Des scientifiques ont calculé l’immense pression au cœur d’un proton
Dans ce que l’on croyait impossible, des physiciens ont pour la première fois donné une valeur à la pression à l’intérieur d’un proton, et c’est plus impressionnant que ce que nous aurions pu imaginer.
Image d’entête par le Thomas Jefferson National Accelerator Facility.
En tirant des protons accompagné de ses électrons à haute énergie, les chercheurs ont mesuré la poussée et la traction du trio de quarks du proton, fournissant des informations précieuses sur l’un des éléments constitutifs les plus stables de l’Univers.

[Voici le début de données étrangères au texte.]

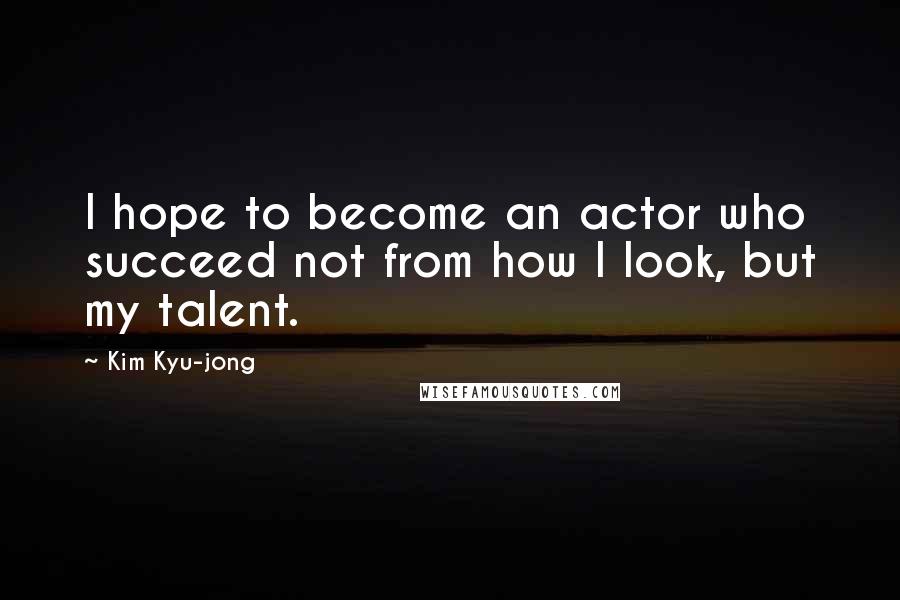 Kim Kyu-jong Quotes: I hope to become an actor who succeed not from how I look, but my talent.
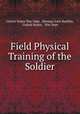 Field Physical Training of the Soldier, United States War Dept, Herman John Koehler, United States , War Dept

La physicienne Latifa Elouadrhiri du Thomas Jefferson National Accelerator Facility compare notre précédente interprétation de la structure du proton à celle d’un cœur humain. L’écoute de son rythme ne peut vous en dire autant sur son fonctionnement.
Selon Latifa Elouadrhiri :
Nous disposons de la technologie d’imagerie médicale 3D qui permet maintenant aux médecins d’en apprendre davantage, de manière non invasive, sur la structure du cœur.
Et c’est ce que nous voulons faire avec la nouvelle génération d’expériences.
Nous avons compris depuis quelque temps déjà que les protons sont composés de trois quarks, deux quark up et un quark down, liés ensemble par ce que l’on appelle la force nucléaire.
Au-delà de cela, la structure interne du proton est longtemps restée un mystère. Il est clair que ses quarks tiennent bien ensemble, mais il faut aussi qu’il y ait une sorte de répulsion qui les empêche de s’effondrer.
Pour mesurer à quel point ces éléments sont liés, les chercheurs ont combiné deux cadres théoriques différents, dont l’un a été considéré comme pratiquement impossible à mettre en œuvre directement.
L’énergie et la quantité de mouvement des parties internes d’un proton sont codées dans ce qu’on appelle des facteurs de forme gravitationnelle (gravitational form factors). La gravité est une force tellement faible qu’elle n’est quasiment pas prise en compte dans la physique des particules, pas lorsqu’il y a des forces beaucoup plus fortes à l’œuvre. Mais au plus profond du proton, un champ gravitationnel peut être affecté par l’énergie et l’élan d’une particule.
C’est une de ces « bonnes idées », en théorie, malheureusement. Une étude de 1966 par le physicien américain Heinz Pagels décrit le processus tout en excluant son application pratique en raison de l’extrême faiblesse de la gravité. Ce que Pagels n’avait pas prévu, c’était l’élaboration d’un cadre théorique qui reliait les comportements de la force électromagnétique aux facteurs de forme gravitationnelle.
En d’autres termes, on a découvert plus tard que les électrons pouvaient se substituer à une sonde gravitationnelle.
La solution était d’utiliser la diffusion Compton, qui décrit l’interaction entre les photons de lumière et une particule chargée, comme un électron. Dans ce cas, ils ont augmenté l’accélération d’un électron pour rétrécir suffisamment sa longueur d’onde afin de pénétrer un proton. Ils ont ensuite observé la diffusion des photons produits, combinant leurs détails avec des informations sur le proton et l’électron accéléré pour déterminer comment les quarks ont réagi à la frappe.
Cette diffusion a fourni une carte de l’énergie et de l’élan pour décrire une pression extrême vers l’extérieur au centre du proton, l’empêchant de s’effondrer. Cette poussée fut d’une pression égale pour maintenir les quarks ensemble, équivalent à 100 décillions de Pascal (1 suivi de 35 zéros).
Imaginez une étoile à neutrons, où la matière est si comprimée qu’une montagne pourrait être réduite en un monticule assez petit pour tenir dans une cuillère à thé. L’équipe dit que cette pression de quark est 10 fois plus grande, faisant du noyau d’un proton un espace extrêmement, le mot est faible, dense.
La prochaine étape pour l’équipe est de continuer à utiliser ce processus pour approfondir notre compréhension de la mécanique interne du proton, calculer ses forces et finalement construire une image sur la façon dont ses quarks se déplacent.
En savoir plus sur les entrailles d’un proton pourrait nous aider à répondre à la question de savoir s’ils se décomposent. Pour l’instant, ils semblent suffisamment stables pour survivre à l’Univers, mais déterminer comment et quand ils se décomposent fournirait des indices précieux sur certaines des caractéristiques fondamentales du cosmos.
L’étude publiée dans Nature : The pressure distribution inside the proton et présentée par le biais d’une interview avec Latifa Elouadrhiri : Physicists make first 3D measurements of proton’s internal structure. Également présentée sur le site du Jefferson Lab : Quarks Feel the Pressure in the Proton.